# Freezing Dry Food?



## Wren (Jul 2, 2013)

I live in a place where good dog food is impossible to get, so we buy large bags of food or have large bags of food shipped to us. 

I've read that dry kibble should be used within 6 weeks and wondered if anyone has frozen dry kibble to preserve it for later use or knows any more about this. 

We have a vacuum packer and several large freezers.

I can't think of any reason not to do so, but I'm wondering what other people think.


----------



## MollyMuiMa (Oct 13, 2012)

You can definitely freeze it ( I freeze a 6mth supply) Just make sure it is in airtight bags and you can freeze it for several months!

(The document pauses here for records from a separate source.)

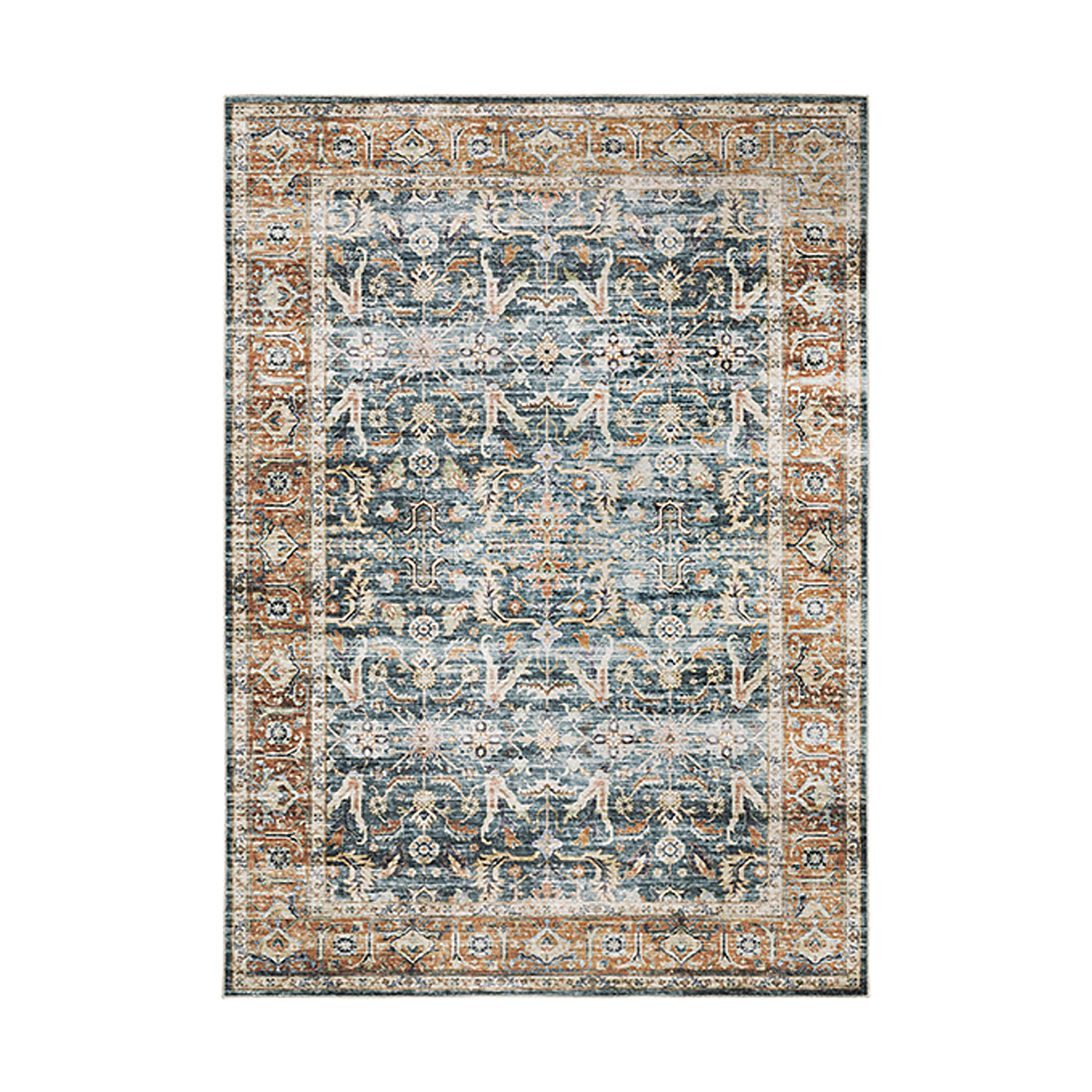 114×202 \"Snow diamond” ViNTAGE RUG 5'x7' Pine Brook Diamond Persian Style Rug Blue - Threshold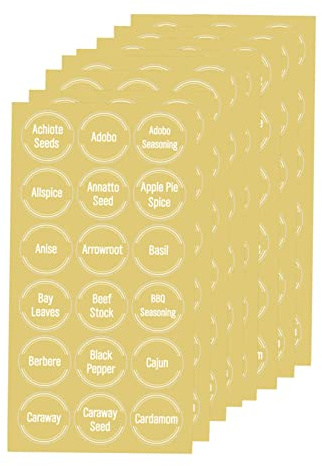 DOITOOL Etiquetas Para Frascos De Especias Adhesivas Impermeables Y Transparentes Para Cocina Con De Ingredientes Comunes Set Unidades Fácil Identificación Y Diseño 8 Hojas*2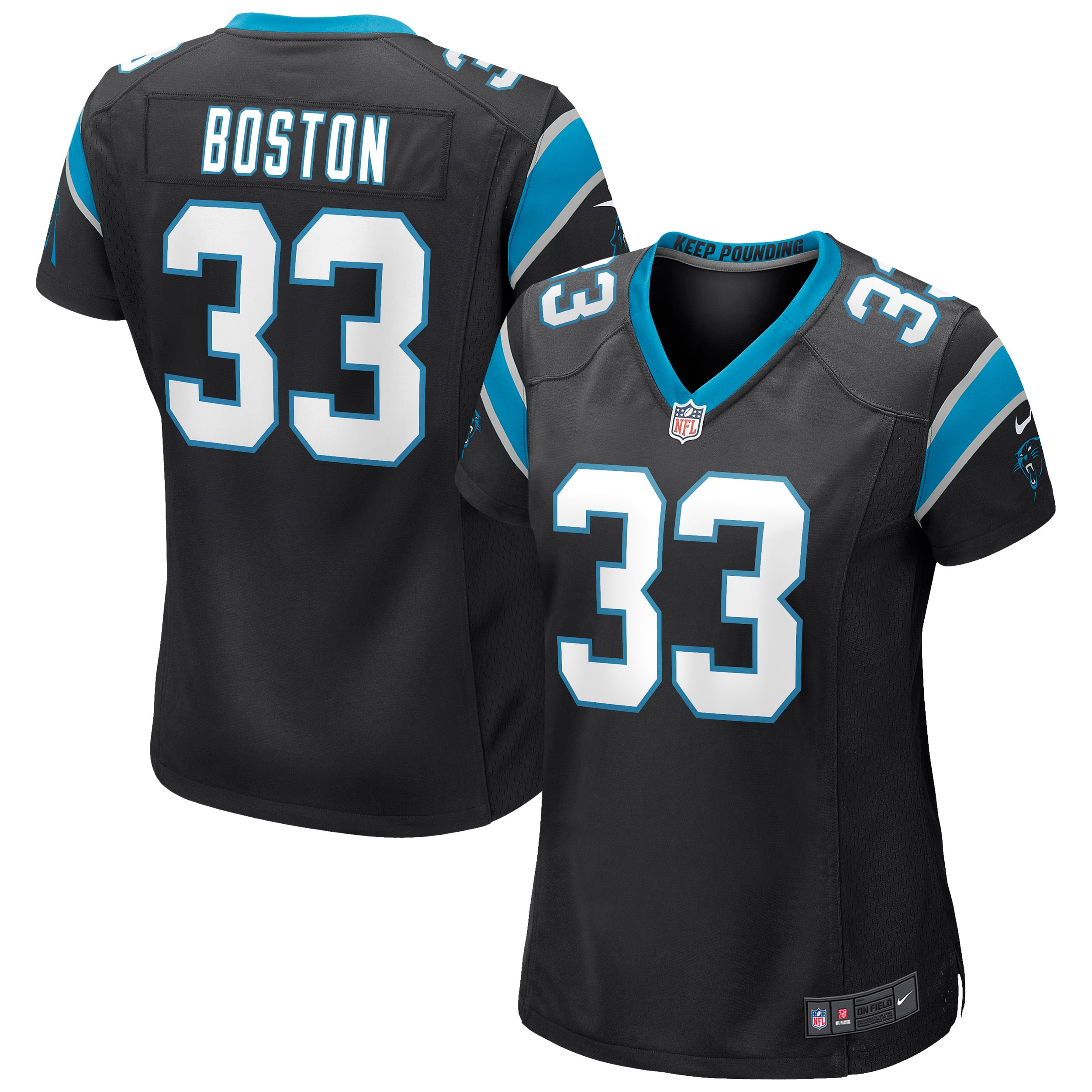 Women's Carolina Panthers Tre Boston Black Game Jersey Js6132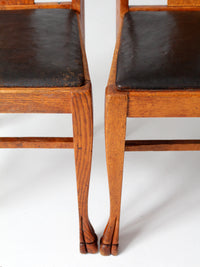 antique oak splat back side chairs pair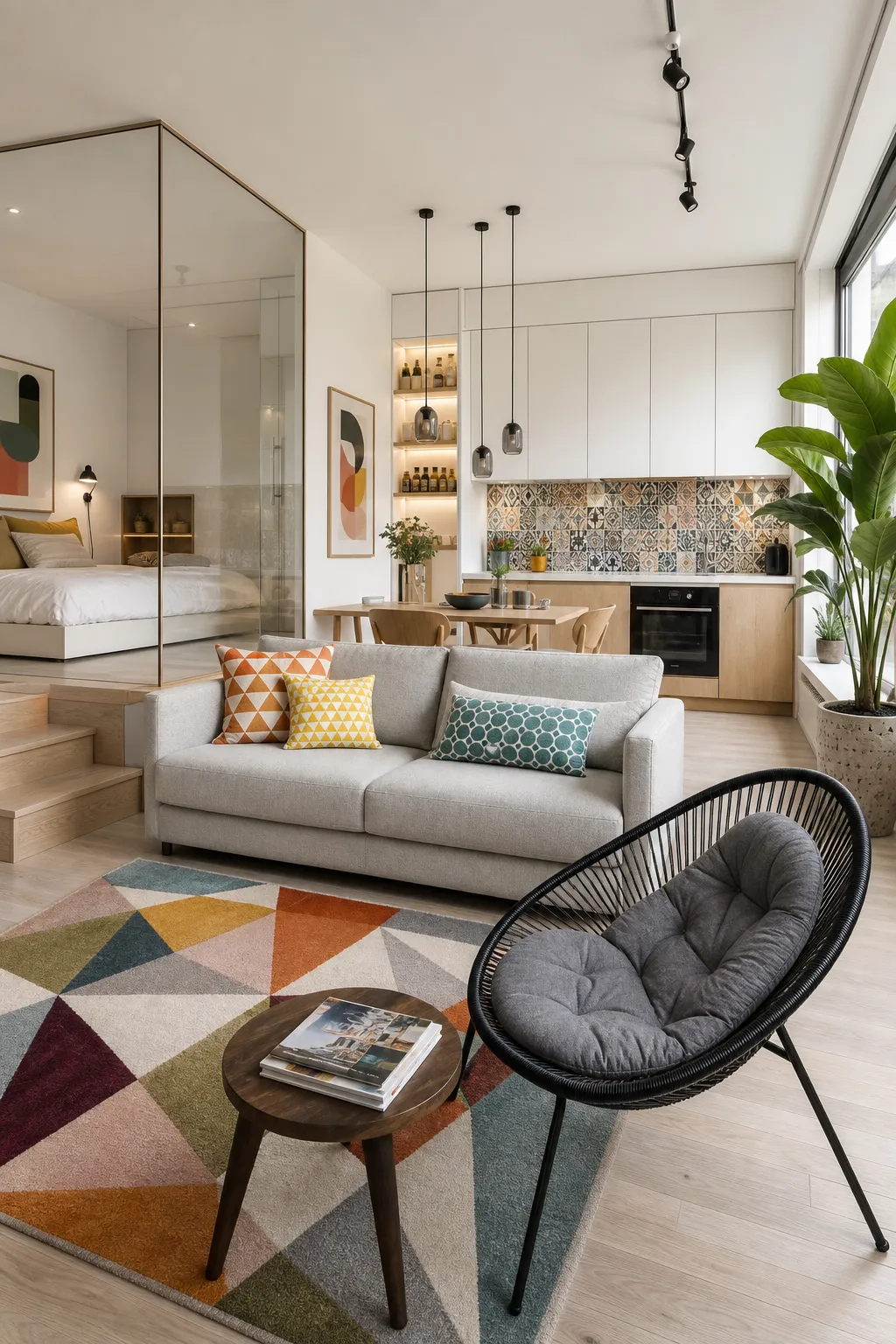 Colorful small studio apartment with bold furnishings, artwork, and coordinated accents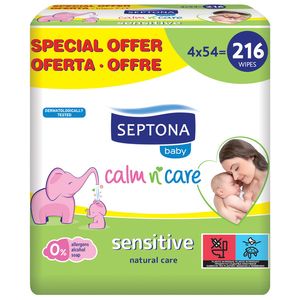 Servetele umede bebelusi Sensitive Septona, 4 pachete x 54, 216 bucati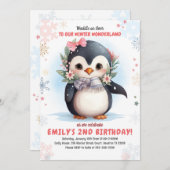 Penguin Birthday Invitation Girl Penguin Geburtsta Einladung (Vorne/Hinten)
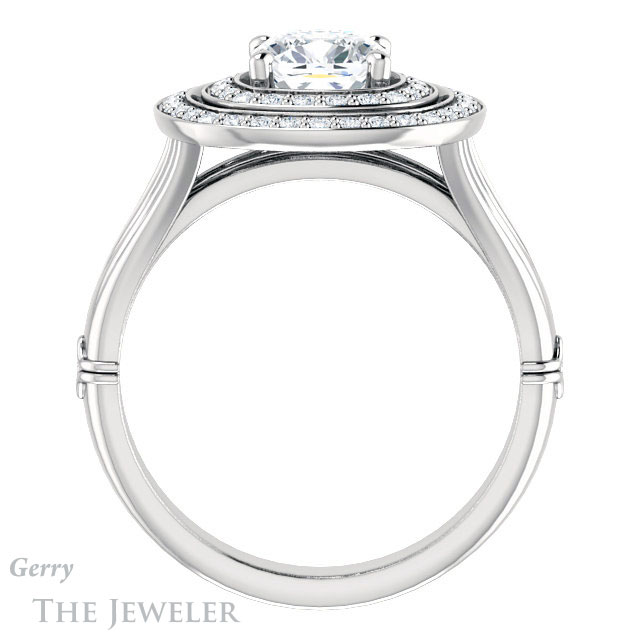 Cushion Cut Forever One Moissanite Engagement Ring #GTJ1046-cushion-fo-w | Gerry The Jeweler Cushion Cut Forever One Moissanite Engagement Ring #GTJ1046-cushion-fo-w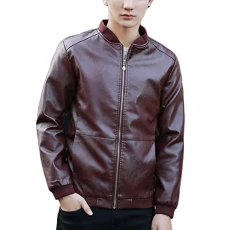 Men's Cool Zip Up Stand Collar Faux Leather Coat Jacket Wine Red M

Here is what I read about freezing kibble.................

In the freezer an opened bag will last approx. 8 months

Kibble stored in 'air tight' containers (ie ziplock bags) will give you about a year

An UN-opened bag will store in the freezer up to 2years

And if using a vacuum sealer it will last indefinitely!!!!!!


P.S.
In the bag, a good kibble will stay good for 4 weeks at room temp (opened bag shelf life)

In the refrigerator only, in a sealed bag or airtight container, food will stay good for up to 8 weeks


----------



## patk (Jun 13, 2013)

molly mui ma, you are a veritable fount of useful and helpful info!


----------



## PoodlePaws (May 28, 2013)

Wow. I never knew this. What if I store mine in an air tight container at room temp. How long will it last??


Sent from Petguide.com Free App


----------



## JudyD (Feb 3, 2013)

Wow, that's very helpful information, MMM. I want to switch the new pup to Victor Grain Free All Life Stages, but the store near us has it in 30 pound bags only, way too much for a puppy. If I can't find it in smaller bags around here, I'll buy the big bag and freeze it in ziplock bags.

Incidentally, I've read the problem with keeping kibble at room temperature too long is that the fat content gets rancid. You should keep kibble in the bag it came in, rather than pouring it into another container, because exposure to air hastens degradation of fat. If you just scoop a feeding out and roll the bag down tight, air exposure is minimized.


----------



## MollyMuiMa (Oct 13, 2012)

JudyD said:


> Incidentally, I've read the problem with keeping kibble at room temperature too long is that the fat content gets rancid. You should keep kibble in the bag it came in, rather than pouring it into another container, because exposure to air hastens degradation of fat. If you just scoop a feeding out and roll the bag down tight, air exposure is minimized.


This is what I read also , and that once you open the bag you should use it in 4 weeks, but if you put the original bag inside a airtight container, you can go 6 weeks.


----------



## FireStorm (Nov 9, 2013)

This is really interesting - I haven't been on the forum in a while (just super busy), but we have recently come to the conclusion on our own that Hans will only eat very fresh kibble. So I'm buying our Spoo 5lb bags, lol. Maybe I will consider freezing....


----------